(Stored records)
****

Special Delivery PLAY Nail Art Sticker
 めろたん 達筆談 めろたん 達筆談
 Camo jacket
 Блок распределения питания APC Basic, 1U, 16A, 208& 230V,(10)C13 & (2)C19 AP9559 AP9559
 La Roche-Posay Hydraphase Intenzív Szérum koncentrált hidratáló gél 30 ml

****

DIRECTIONS FOR THIS TASK ::
Beginning at the line that holds "Camo jacket", reproduce the lines exactly up to and including the final line of the entries.

SOLUTION FOR THIS PROBLEM ::
 Camo jacket
 Блок распределения питания APC Basic, 1U, 16A, 208& 230V,(10)C13 & (2)C19 AP9559 AP9559
 La Roche-Posay Hydraphase Intenzív Szérum koncentrált hidratáló gél 30 ml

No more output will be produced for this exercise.